The DHS Program User Forum
Discussions regarding The DHS Program data and results
Home » Topics » Child Health » duplicate caseid
duplicate caseid [message #24397] Mon, 09 May 2022 02:51 Go to next message
adis is currently offline  adis
Messages: 20
Registered: May 2022
Member
hi would you please forward me the stata command for identifying the duplicate caseid?

Is there any way that we can change the string caseid to numeric? it was important var for our analysis but we failed to change it?

please hepl us
Re: duplicate caseid [message #24399 is a reply to message #24397] Tue, 10 May 2022 10:13 Go to previous messageGo to next message
Janet-DHS is currently offline  Janet-DHS
Messages: 891
Registered: April 2022
Senior Member
Following is response from DHS Research & Data Analysis Director, Tom Pullum:

If you are referring back to an earlier posting on the forum, please identify the message and the survey. The ID codes caseid and hhid are strings constructed from v001, v002, and v003 (or similar variables in other files. Those variables are numeric, not strings. You can almost always do what you need to do with the numeric variables, not using caseid or hhid.
Re: duplicate caseid [message #24406 is a reply to message #24399] Tue, 10 May 2022 13:18 Go to previous messageGo to next message
adis is currently offline  adis
Messages: 20
Registered: May 2022
Member
Thank you Janet again,

I was trying to use the caseid for my analysis but the var is string...I was looking for a var that could replace caseid

What do you suggest me? I tried to create ID but that also didnt work.

What do you suggest me?

The second issue was there are repeated caseid's and how do we overcome the duplicate caseid? shall we drop those duplicate caseid's? that will affect the sample size ? what do you suggest me?
Re: duplicate caseid [message #24424 is a reply to message #24397] Fri, 13 May 2022 10:59 Go to previous messageGo to next message
Janet-DHS is currently offline  Janet-DHS
Messages: 891
Registered: April 2022
Senior Member
Following is response from DHS Research & Data Analysis Director, Tom Pullum:

What survey and what file are you using? In the KR file, for example, there is a record for every child born in the past five years. caseid is the mother's ID code. Because many women had more than one child in the past five years, there will be several records with the same value of caseid, but children of the same mother will have different values of bidx (1, 2, etc.). In the IR file, there should never be a repeat of the same caseid, although very rarely we will find a duplicate. To check for duplicates in the IR file, in Stata, enter "gen ncases=1", then "collapse (sum) ncases, by(caseid)", then "tab ncases" and "list if ncases>1, table clean".
Re: duplicate caseid [message #24469 is a reply to message #24424] Thu, 19 May 2022 09:13 Go to previous messageGo to next message
adis is currently offline  adis
Messages: 20
Registered: May 2022
Member
Thank you so much Janet for all the response you made so far,

I am using the KR file and have the following two questions

First Question

I just want to know how to destring the caseid which is very important variable in my analysis. I just tried the formal ways of de string command but failed to do that.
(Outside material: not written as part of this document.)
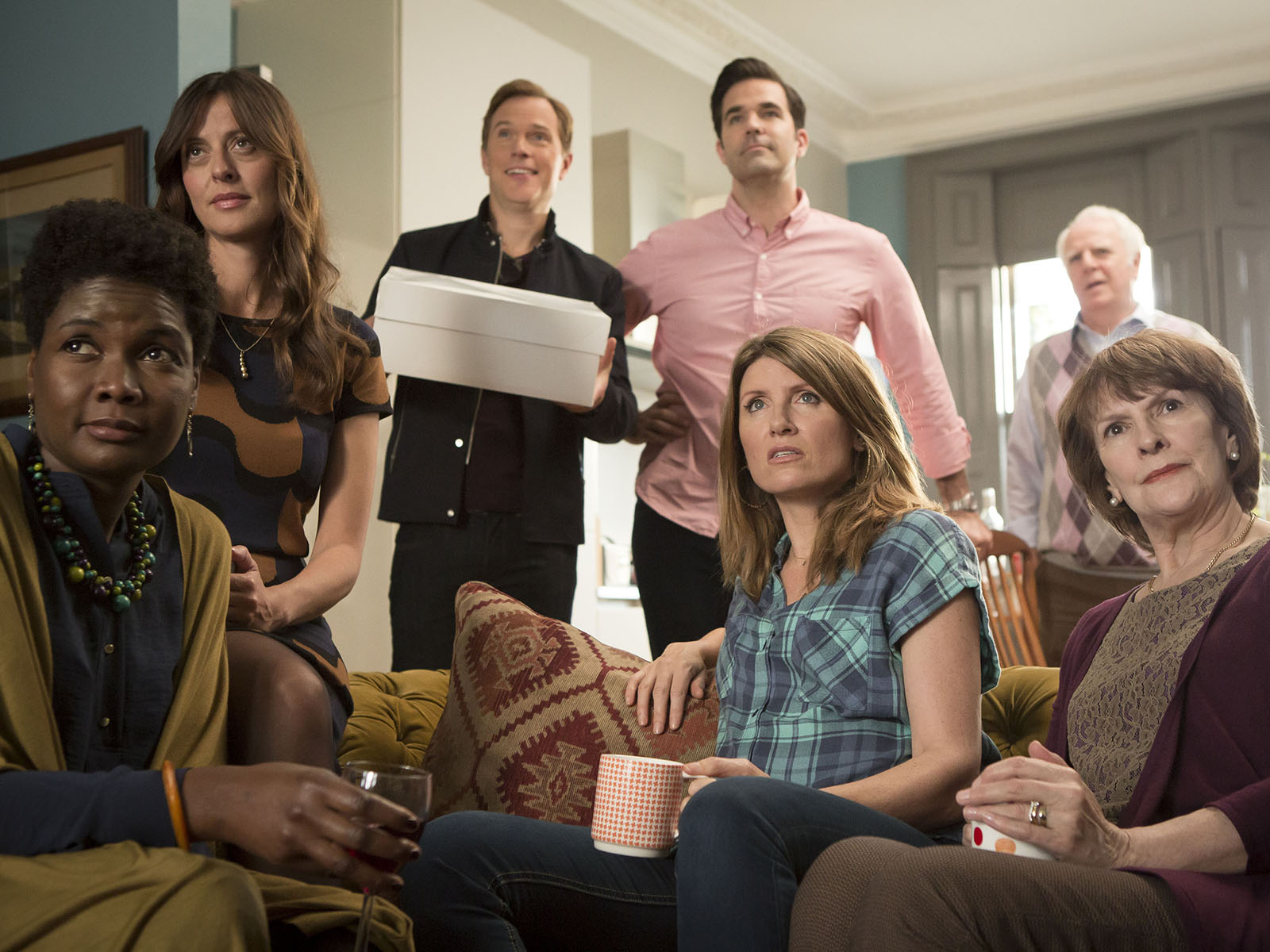 Daniel Lapaine, Gary Lilburn, Frances Tomelty, Sharon Horgan, Sarah Niles, Marta Barrio, and Rob Delaney in Catastrophe (2015)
This was the stata output for the command

destring caseid, gen(Ind_ID)

caseid: contains nonnumeric characters; no generate[/color]


second question

Excluding the non immunized children from the analysis (stata command)
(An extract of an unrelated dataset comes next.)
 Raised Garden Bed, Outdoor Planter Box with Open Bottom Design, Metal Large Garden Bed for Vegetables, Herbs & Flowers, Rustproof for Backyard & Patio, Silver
I appreciate swift responses
Thank you
Re: duplicate caseid [message #24480 is a reply to message #24397] Fri, 20 May 2022 15:45 Go to previous messageGo to next message
Janet-DHS is currently offline  Janet-DHS
Messages: 891
Registered: April 2022
Senior Member
Following is response from DHS Research & Data Analysis Director, Tom Pullum:

I have to tell you that a comment such as "I appreciate swift responses" will not accelerate our response to a forum question.

You are looking for a way to extract the different columns of caseid (or hhid) and convert them from strings to numeric. The response to a recent forum question (#24358) describes how to do this. "destring caseid, gen(Ind_ID)" will not work because embedded blanks should not be interpreted as zeroes.
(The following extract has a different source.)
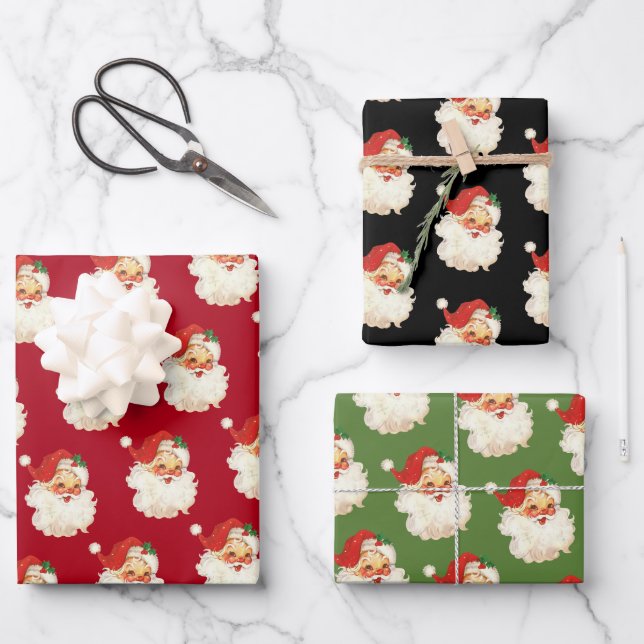 Retro Santa Claus Head Wrapping Paper Sheets (Front)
Usually, caseid just combines v001 and v002 and v003, and hhid combines hv001 and hv002. You can identify cases just as easily with those components, which are numeric, as with caseid or hhid.

The usual variables in the KR file for having received the basic vaccines are h0, h2, h3, h4, h5, h6, h7, h8, h9, h9a (you should check your survey). These variables are coded 0 if the child did not receive a specific vaccine. You could do something like "drop if (h0+h2+h3+h4+h5+h6+h7+h8+h9a+h9b)==0". I recommend caution with dropping cases from the file. An alternative would be "gen condition=0" and "replace condition=1 if (h0+h2+h3+h4+h5+h6+h7+h8+h9a+h9b)==0". Then you can exclude those cases from a specific command with something like "tab A B if condition==0"
Re: duplicate caseid [message #24481 is a reply to message #24480] Fri, 20 May 2022 16:45 Go to previous message
adis is currently offline  adis
Messages: 20
Registered: May 2022
Member
Thank you so much Janet; now it seems fine for us.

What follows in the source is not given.